Most of the examples on Ray Tune works for me (ray/python/ray/tune/examples at master · ray-project/ray · GitHub); however when I try to run an example on tune-sklearn that uses TuneGridSearchCV, I get errors (for example: sgd.py on the tune-sklearn github).
I am running on an LXC container (Ubuntu 20.4), with Ray 1.13.0. On the bottom you can see my error and I’ve also attached the log file:
2022-06-15 21:47:10,529 ERROR trial_runner.py:883 -- Trial _Trainable_b3fe3_00002: Error processing event.
Traceback (most recent call last):
File "sgd.py", line 33, in <module>
tune_search.fit(x_train, y_train)
File "/usr/local/lib/python3.8/dist-packages/tune_sklearn/tune_basesearch.py", line 622, in fit
return self._fit(X, y, groups, tune_params, **fit_params)
File "/usr/local/lib/python3.8/dist-packages/tune_sklearn/tune_basesearch.py", line 533, in _fit
self.analysis_ = self._tune_run(X, y, config, resources_per_trial,
File "/usr/local/lib/python3.8/dist-packages/tune_sklearn/tune_gridsearch.py", line 302, in _tune_run
analysis = tune.run(trainable, **run_args)
File "/usr/local/lib/python3.8/dist-packages/ray/tune/tune.py", line 718, in run
runner.step()
File "/usr/local/lib/python3.8/dist-packages/ray/tune/trial_runner.py", line 778, in step
self._wait_and_handle_event(next_trial)
File "/usr/local/lib/python3.8/dist-packages/ray/tune/trial_runner.py", line 755, in _wait_and_handle_event
raise e
File "/usr/local/lib/python3.8/dist-packages/ray/tune/trial_runner.py", line 736, in _wait_and_handle_event
self._on_executor_error(trial, result[ExecutorEvent.KEY_EXCEPTION])
File "/usr/local/lib/python3.8/dist-packages/ray/tune/trial_runner.py", line 884, in _on_executor_error
raise e
ray.tune.error.TuneGetNextExecutorEventError: Traceback (most recent call last):
File "/usr/local/lib/python3.8/dist-packages/ray/tune/ray_trial_executor.py", line 934, in get_next_executor_event
future_result = ray.get(ready_future)
File "/usr/local/lib/python3.8/dist-packages/ray/_private/client_mode_hook.py", line 105, in wrapper
return func(*args, **kwargs)
File "/usr/local/lib/python3.8/dist-packages/ray/worker.py", line 1833, in get
raise value
ray.exceptions.RayActorError: The actor died because of an error raised in its creation task, ray::_Inner.__init__() (pid=5392, ip=ec2-44-201-222-82.compute-1.amazonaws.com, repr=<ray.tune.utils.trainable._Trainable object at 0x7f00278cea60>)

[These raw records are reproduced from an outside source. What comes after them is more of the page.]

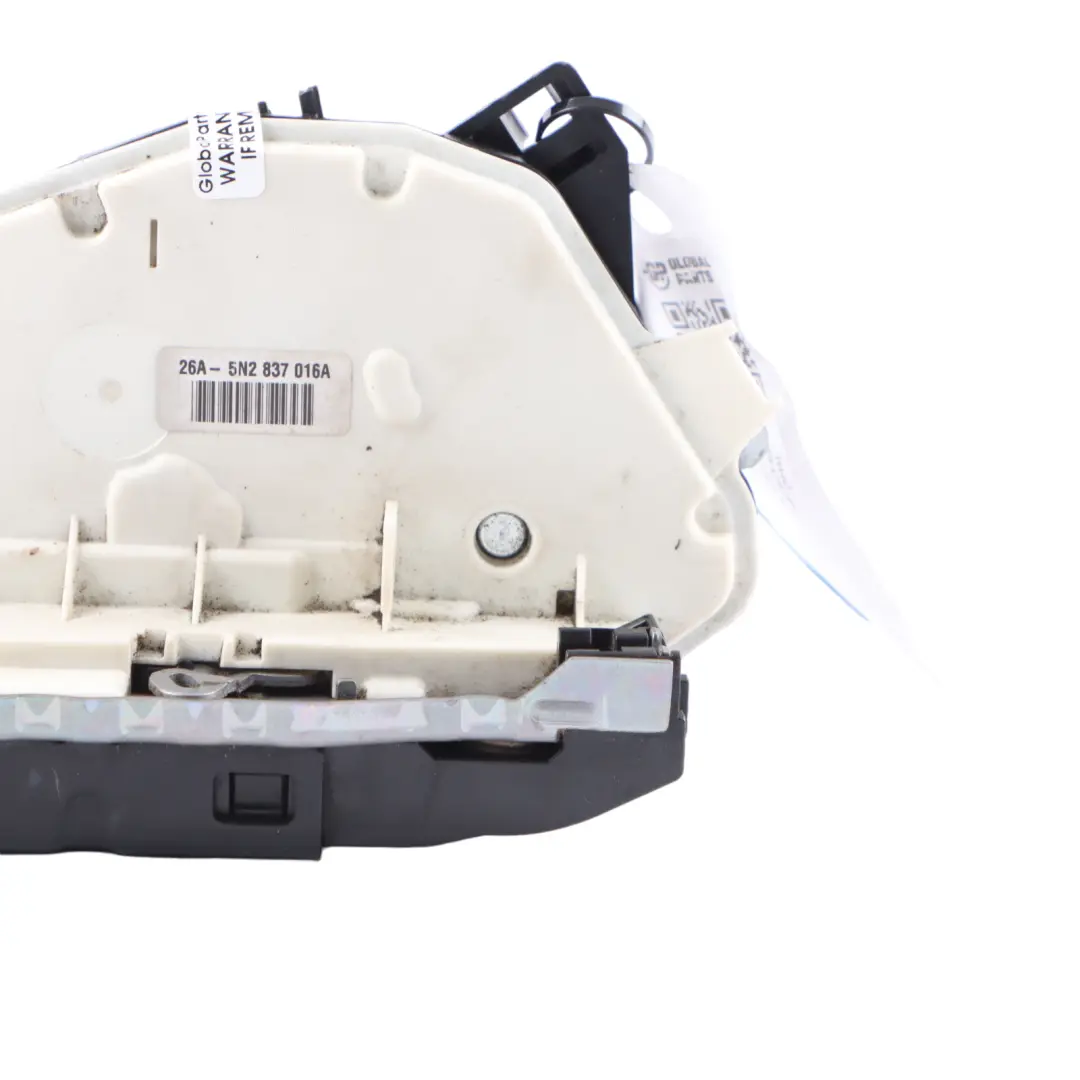 Seat Ibiza 6J Front Right O/S Door Lock Latch Mechanism Actuator 5N2837016C - SKU RHD-5N2837016C - Part number RHD-5N2837016C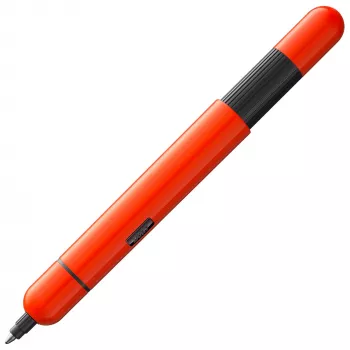 LAMY pico Kugelschreiber Laser Orange Taschenstift mit Doppel-Druckmechanik 1229951
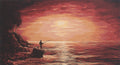 To Catch a Fish Stretched Wall Tapestry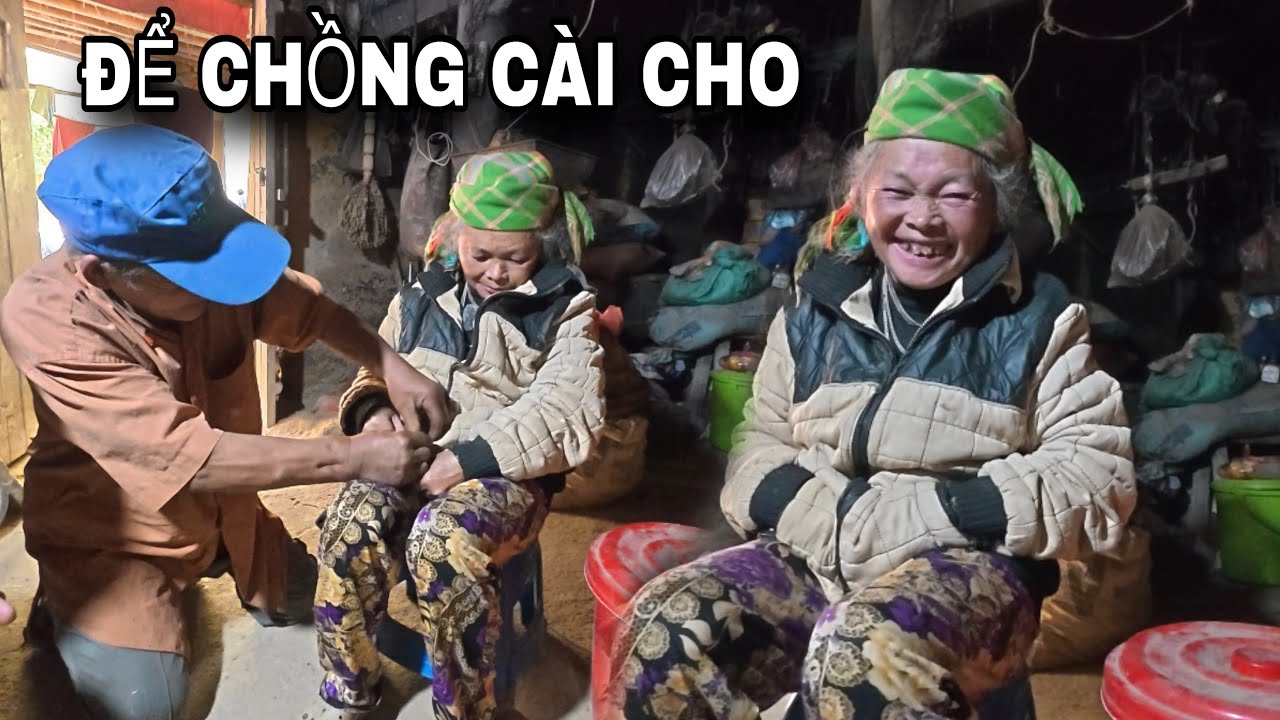 BẮT GẶP ÔNG VỀNH VÀ MẸ ZƠ ĐANG HÚ HÍ VỚI NHAU THẬT TÌNH CẢM / VÙNG TRỜI TÂY BẮC MỚI NHẤT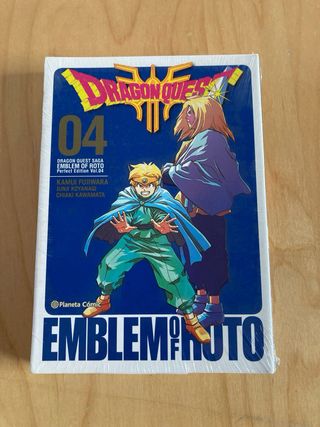 Dragon Quest Emblem Of Roto nº 01/15 a 7/15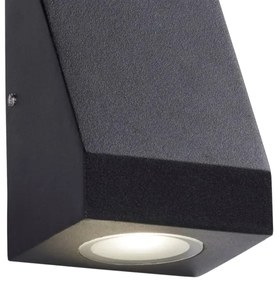 Searchlight 2041-1BK - LED Kültéri fali lámpa DOOR LED/7W/230V IP44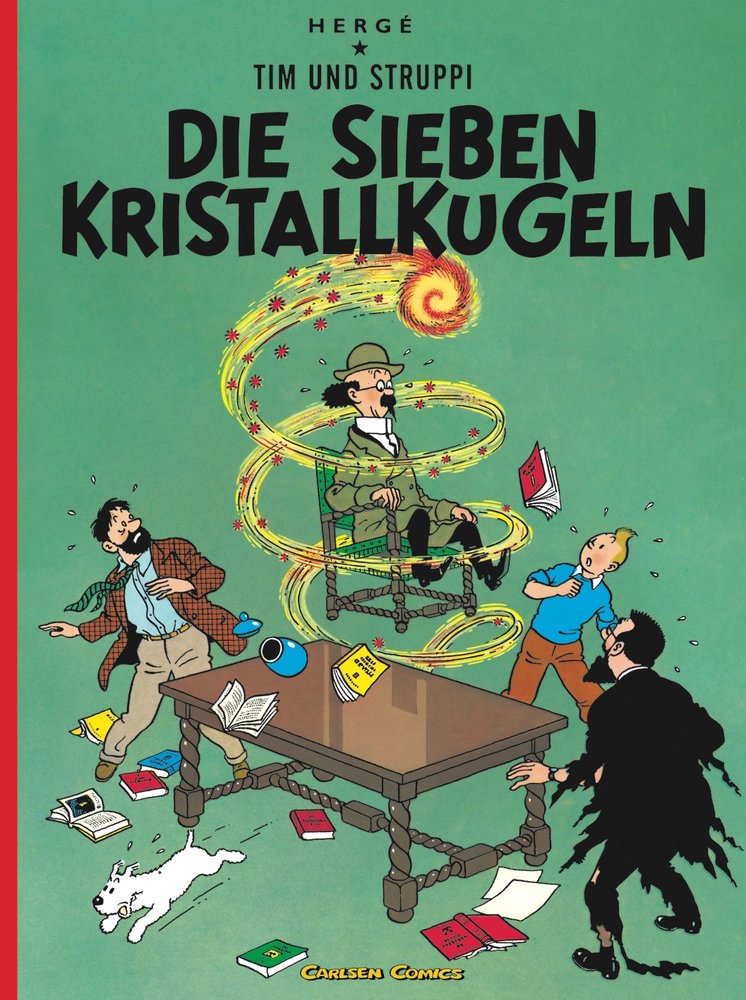 Tim und Struppi: Die sieben Kristallkugeln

File "/usr/local/lib/python3.8/dist-packages/ray/tune/trainable.py", line 156, in __init__
self.setup(copy.deepcopy(self.config))
File "/usr/local/lib/python3.8/dist-packages/ray/tune/utils/trainable.py", line 389, in setup
setup_kwargs[k] = parameter_registry.get(prefix + k)
File "/usr/local/lib/python3.8/dist-packages/ray/tune/registry.py", line 225, in get
return ray.get(self.references[k])
ray.exceptions.OwnerDiedError: Failed to retrieve object 00ffffffffffffffffffffffffffffffffffffff2600000001000000. To see information about where this ObjectRef was created in Python, set the environment variable RAY_record_ref_creation_sites=1 during `ray start` and `ray.init()`.

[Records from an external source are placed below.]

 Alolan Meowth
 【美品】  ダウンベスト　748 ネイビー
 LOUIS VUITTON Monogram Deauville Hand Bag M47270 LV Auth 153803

The object's owner has exited. This is the Python worker that first created the ObjectRef via `.remote()` or `ray.put()`. Check cluster logs (`/tmp/ray/session_latest/logs/*26000000ffffffffffffffffffffffffffffffffffffffffffffffff*` at IP address 10.0.3.103) for more information about the Python worker failure.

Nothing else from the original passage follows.